Gefragt hat Quin Investment die Unternehmen auch, welche Herausforderungen für die kommenden zwölf Monate die größten sind. Die Zinsen machen mehr als jedem vierten (26 Prozent) Projektentwickler auch für die Zukunft Sorgen – die Baukosten 21 Prozent. Knapp ein Fünftel (16 Prozent) der Befragten sieht der Umfrage zufolge die Inflation auch für 2024 noch kritisch – die erhöhe die Betriebskosten und beeinflusse die Kaufkraft der Verbraucher, was weiterhin Auswirkungen auf die Nachfrage am Immobilienmarkt haben wird, heißt es.

Optimierung oder Konsolidierung: Zukunft der Projektentwickler

Fast alle (89 Prozent) Projektentwickler gehen laut Umfrage davon aus, dass die Neubauaktivitäten in den kommenden zwei Jahren weiter zurückgehen werden – elf Prozent denken, dass die Bautätigkeit gleich bleibt. Auf Bankenseite sei die Risikobereitschaft für Immobilienprojekte gesunken. Ab dem zweiten oder dritten Quartal 2024 erwartet die Mehrheit (67 Prozent) der Projektentwickler eine leichte Erholung bei den Zinsen.

Die Branche ist im Umbruch, schließen die Umfrage-Initiatoren: Die Projektentwickler stehen demnach vor einer der größten Herausforderungen der vergangenen Jahrzehnte. Bei einigen wird das laut Quin Investment zur Optimierung des Betriebs und der Prozesse führen. Parallel dürfte es zur Konsolidierung des Marktes kommen. Weitere Unternehmen werden aufgeben oder sich in völlig anderen Geschäftsbereichen betätigen müssen.

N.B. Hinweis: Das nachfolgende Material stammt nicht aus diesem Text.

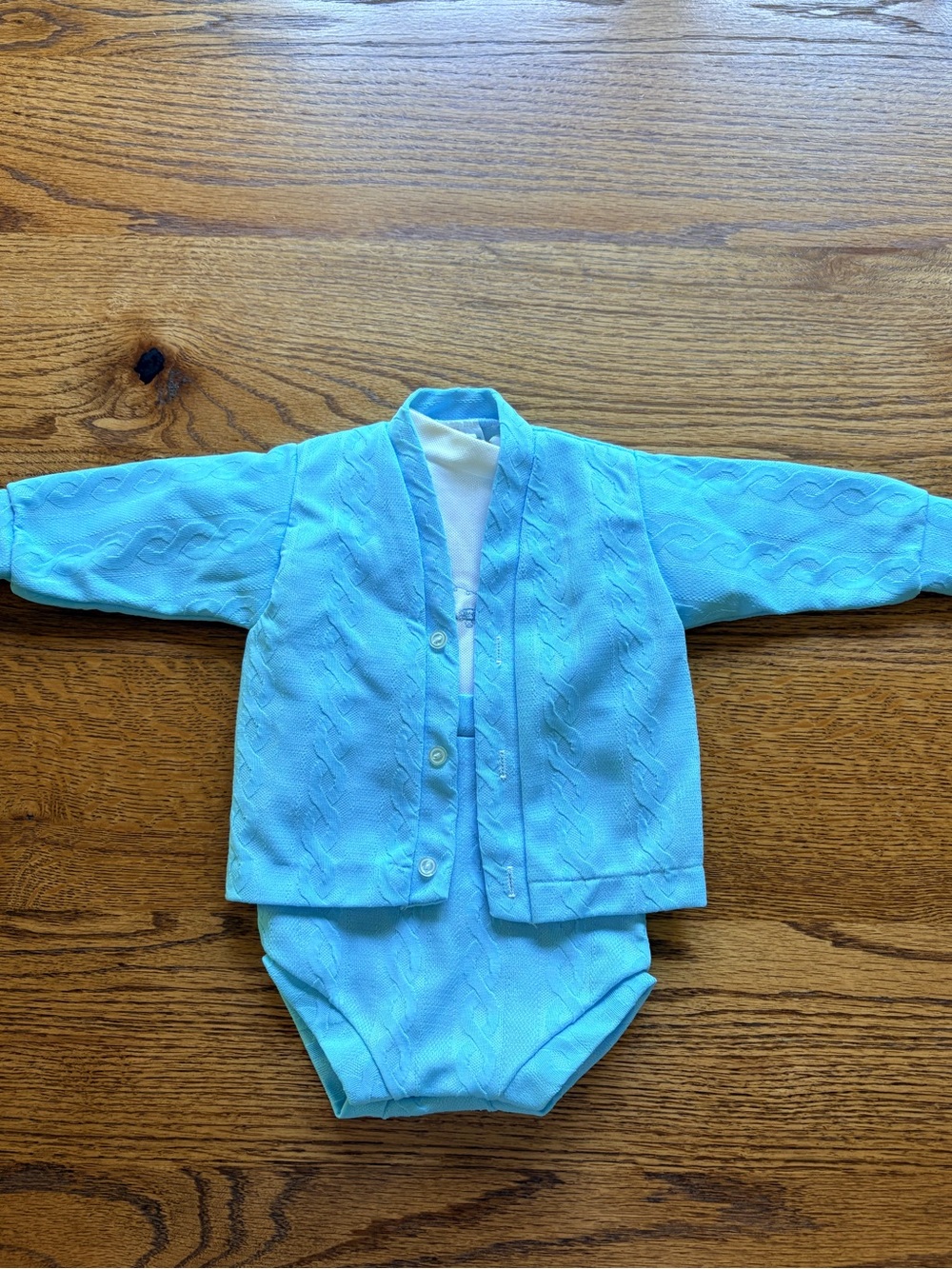 VTG Little Me by Lois Baby Blue Button-Up Outfit and Jacket set- size NB?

Die Branche wird sich den Experten zufolge anpassen müssen. In der Umfrage zeigt sich, dass die Projektentwickler jetzt vor allem effizientere Prozesse (zirka 37 Prozent) ins Auge fassen und die Geschäftsstrategien (21 Prozent) ändern wollen. Außerdem wird vermehrt nach alternativen Finanzierungsmöglichkeiten Ausschau gehalten (26 Prozent).